The world was quiet.
Not silent—not anymore—but quiet in a way it hadn't been for generations. Birds returned to the skies. Trees sang with the wind. Cities once muted by magic began to hum again with soft, living sound. For the first time in living memory, the Song was not controlled, silenced, or fractured.
It was free.
And that freedom, like all powerful things, had consequences.
Kairo stood on the balcony of a rebuilt spire in what remained of Virelai, overlooking the plains that once shook beneath the Choir's heel. Now they pulsed with slow, natural rhythm—a heartbeat rediscovered.
It had been three weeks since Cadenza.
Three weeks since the Final Chorus shattered.
Three weeks since the Ashborn rewrote the world.
But the Song had not stopped.
If anything, it had deepened.
He could still feel it—beneath the surface, inside his skin, pulsing between the stars.
And… something was answering.
Yui joined him, a mug of steamflower tea in her hands. "You felt it again last night?"

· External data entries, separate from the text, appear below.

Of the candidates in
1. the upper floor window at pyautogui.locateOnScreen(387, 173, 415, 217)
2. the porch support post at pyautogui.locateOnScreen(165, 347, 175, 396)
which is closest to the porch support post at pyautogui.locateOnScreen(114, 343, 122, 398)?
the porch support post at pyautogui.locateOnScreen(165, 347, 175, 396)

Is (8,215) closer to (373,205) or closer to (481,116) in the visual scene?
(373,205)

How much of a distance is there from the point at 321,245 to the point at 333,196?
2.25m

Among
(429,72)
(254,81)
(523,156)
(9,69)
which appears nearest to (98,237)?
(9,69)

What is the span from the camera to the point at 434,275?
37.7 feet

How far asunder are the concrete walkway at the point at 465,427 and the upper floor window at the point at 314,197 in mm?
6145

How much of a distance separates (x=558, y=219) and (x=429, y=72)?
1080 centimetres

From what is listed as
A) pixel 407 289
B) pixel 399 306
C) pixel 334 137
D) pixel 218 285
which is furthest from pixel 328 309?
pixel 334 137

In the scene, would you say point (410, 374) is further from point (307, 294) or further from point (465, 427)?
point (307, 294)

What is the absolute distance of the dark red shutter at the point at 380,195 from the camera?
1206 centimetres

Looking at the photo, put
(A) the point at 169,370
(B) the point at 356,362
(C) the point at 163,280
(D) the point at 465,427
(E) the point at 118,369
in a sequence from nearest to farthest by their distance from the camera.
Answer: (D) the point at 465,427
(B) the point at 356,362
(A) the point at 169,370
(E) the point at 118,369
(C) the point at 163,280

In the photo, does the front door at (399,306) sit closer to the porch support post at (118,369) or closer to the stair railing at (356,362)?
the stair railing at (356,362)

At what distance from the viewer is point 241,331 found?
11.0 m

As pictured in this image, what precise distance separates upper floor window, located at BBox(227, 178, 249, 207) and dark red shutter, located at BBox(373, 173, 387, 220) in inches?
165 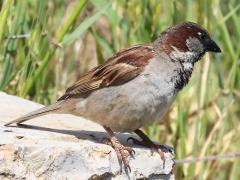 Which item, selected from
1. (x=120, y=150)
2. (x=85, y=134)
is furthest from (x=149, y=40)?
(x=120, y=150)

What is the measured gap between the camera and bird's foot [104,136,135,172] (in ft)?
8.94

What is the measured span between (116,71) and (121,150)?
44cm

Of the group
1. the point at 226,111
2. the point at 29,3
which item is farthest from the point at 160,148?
the point at 29,3

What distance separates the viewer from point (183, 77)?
3.09 meters

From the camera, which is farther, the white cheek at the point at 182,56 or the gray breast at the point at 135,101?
the white cheek at the point at 182,56

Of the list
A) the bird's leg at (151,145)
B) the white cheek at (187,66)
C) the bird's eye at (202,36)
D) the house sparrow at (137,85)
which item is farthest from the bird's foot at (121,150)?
the bird's eye at (202,36)

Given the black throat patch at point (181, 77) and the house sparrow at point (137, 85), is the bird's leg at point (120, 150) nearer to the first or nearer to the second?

Kairo nodded. "It's not the Choir. It's not even the Song."
"Then what is it?"
He looked to the north. To where the stars moved just a little too quickly in the sky now. "Something else woke up when we rewrote the Song."
She didn't flinch. "Friend or enemy?"
Kairo exhaled. "Echo."
In the weeks that followed the battle at Cadenza, strange phenomena had begun.
Whole cities reappearing from beneath ruins. People regaining memories they never lived. Rivers changing direction to match songs sung centuries ago. A skybeast—long thought extinct—appearing with melodies carved into its wings.
It was as though the world, no longer bound by suppression or manipulation, was trying to remember everything at once.
But some things remembered too much.
Deep underground, in a ruin untouched by even the Choir, a vault door opened for the first time in a thousand years.
Inside, something stirred.
It looked like a child.
It spoke like a song.
But its eyes were empty.
And it whispered the name of the first Ashborn who ever died.
"Elarin."
Back in Virelai, Kairo convened with the others.
Solen sat cross-legged, plucking at a stringless instrument that still produced notes.
Lira paced, unable to stop the tiny sparks that now trailed her hands even in sleep.
Ryn meditated above the floor, her harp hovering with her.
Kei whispered directions into the wind—never wrong.
Theren had taken to watching the stars, sword across his back.
And Aeska—ever the soldier—now guarded them with the loyalty of a lifelong chord.
Kairo spoke:
"The Song remembered us."
"But we may not be the only ones it remembered."